那一年我十八岁,高考落榜后因不甘心去上那种委培的大专班,又一时还没决定要不要再复读一年,于是被我的一位老师推荐到一所城郊小学担任代理教师。怀着激动、好奇、忐忑不安的心情,我被这所学校慈祥的女校长领到了一年级(2)班的讲台上。在她鼓励的眼神中,面对着36张稚嫩的面孔,我不知道自己说了些什么,也不知道这第一节课是怎么过去的,但我发现我一下子就爱上了这些充满稚气、灵气和有着小鸟振翅欲跃般眼神的孩子们。他们更是怀着加倍的好奇心喜欢上了我。一下课,都不出去玩,一下子拥到讲台旁,胆大点的叫声“王老师”,听我一答应就赶紧很自豪地挤在我身旁,告诉我他叫什么名字。立刻就有人接上,“王老师,我叫张虎”、“我叫柳莎”;胆小点的就那样怯怯地看着我,想说什么又不好意思地搓弄着衣角。

啊,这些孩子多可爱呀!在他们幼小的心灵里,老师是何等的伟大与神圣。一定不能辜负他们对我的期望和敬爱,最起码,绝不能辜负他们那清澈的眼睛、纯净的心。

从此,我从一个稚气尚存的大孩子变成了一群七岁孩童的师长。上课,认真教他们“a,o,e ”,一遍又一遍纠正他们乡音中难以区分的“l”和“n”;下课,帮他们削铅笔、系鞋带,甚至和他们一起踢毽子。

到这所学校正式上课前,我是先做了功课的,先是到书店买了有关小学教育的几本书籍,报道后又借过办公室老师们的教案,语文数学仔细翻阅做笔记,然后分别听了好几位老师的课,划重点写记录,总之生怕漏听漏记,毕竟自己没上过专业师范院校,虽高中阶段功课不错,但还是与本科录取擦肩而过啊!这不得不说是我一生之大憾。即使后来工作期间我考取了成人教育,但这份隐憾一直存在,这是后话,此时就不赘言了。

在这所城郊小学,与可爱的孩子们共沐蓝天朝夕相伴,时间真是过得好快!转眼间,一学期过去了,期末全市统考,我所教班级的语文、数学成绩名列全区十三所小学中的第四名。校长和老师们都说我是块教书的料。他们说:“看得出,你是真心热爱这些乡村孩子,热爱这个职业。只有具备足够爱心和责任心的人才能干好这份工作。”

随之而来的是漫长的寒假。说它漫长,是指在以往的学生时代,我总觉得寒假太短,才二十多天。而现在,虽然也是同样的天数,我却觉得已离开那些孩子们太久太久了。不知他们想不想我?反正我已经抑制不住对他们的思念啦。

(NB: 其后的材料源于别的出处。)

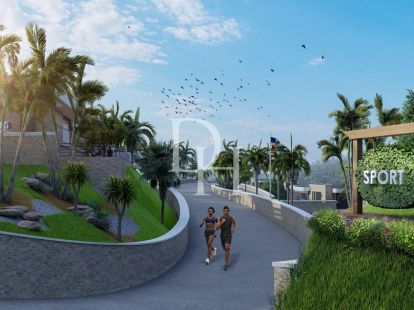 Участок в Пуэрто-Плата, Доминиканская республика - стоимость 105&nbsp;000$ - Ref: 80041 фото 17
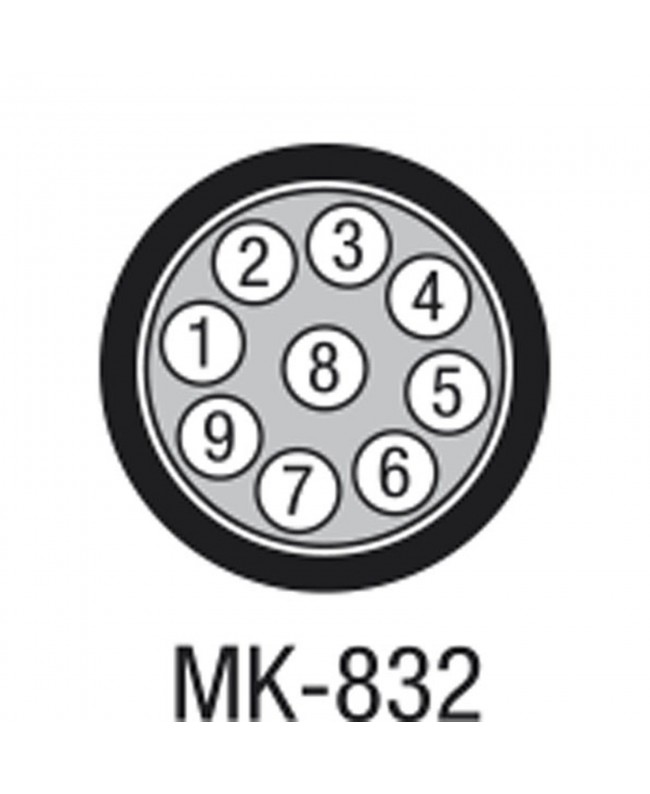 DAP MK-832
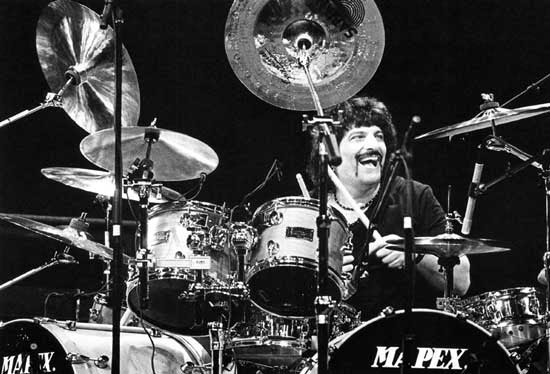 Realistic Rock Carmine Appice Pdf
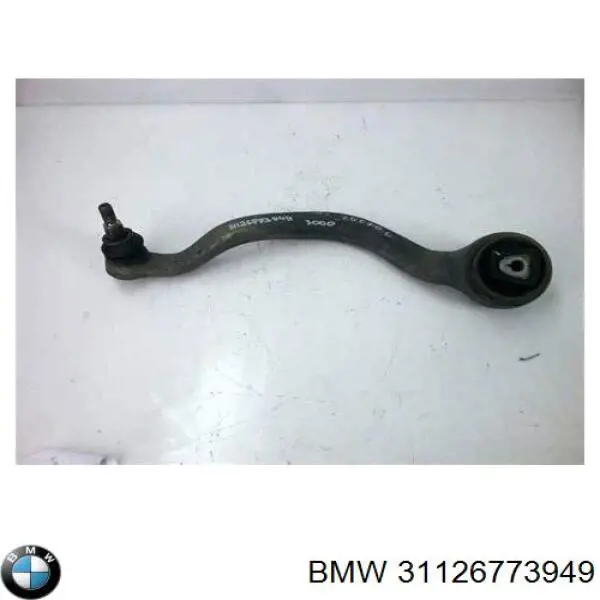 Купить 31126773949 BMW Рычаг передней подвески левый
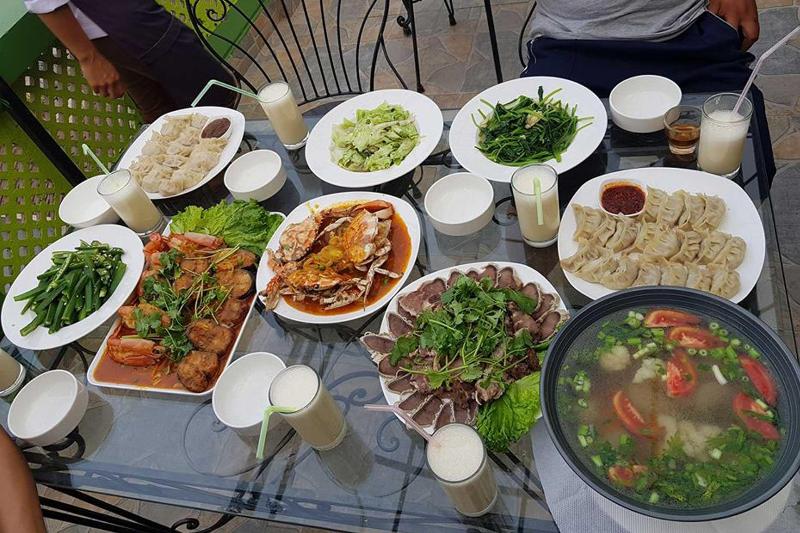 هتل Kathmandu Nomad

好不容易盼到了报到开学的日子。当我再次看到那一张张熟悉、充满兴奋的面孔时,我真的是和他们一起欢呼雀跃了。听到那一句句“王老师,我们早就来过学校好多次了,想早点见到你”时,我的心里暖流奔涌,说不出有多么感动!

这次新春开学,我发现他们又长高了,真的是人人都如茁壮成长的小树苗。听我说他们噌噌噌长得快,有几个淘气小男生也这样说我:“王老师,你也又长高了呀!”“是吗?哦,也许吧,十八九岁,从理论上说我也在青春成长期,哈哈。”他们听着我半认真半俏皮的回答,全都笑的前仰后合。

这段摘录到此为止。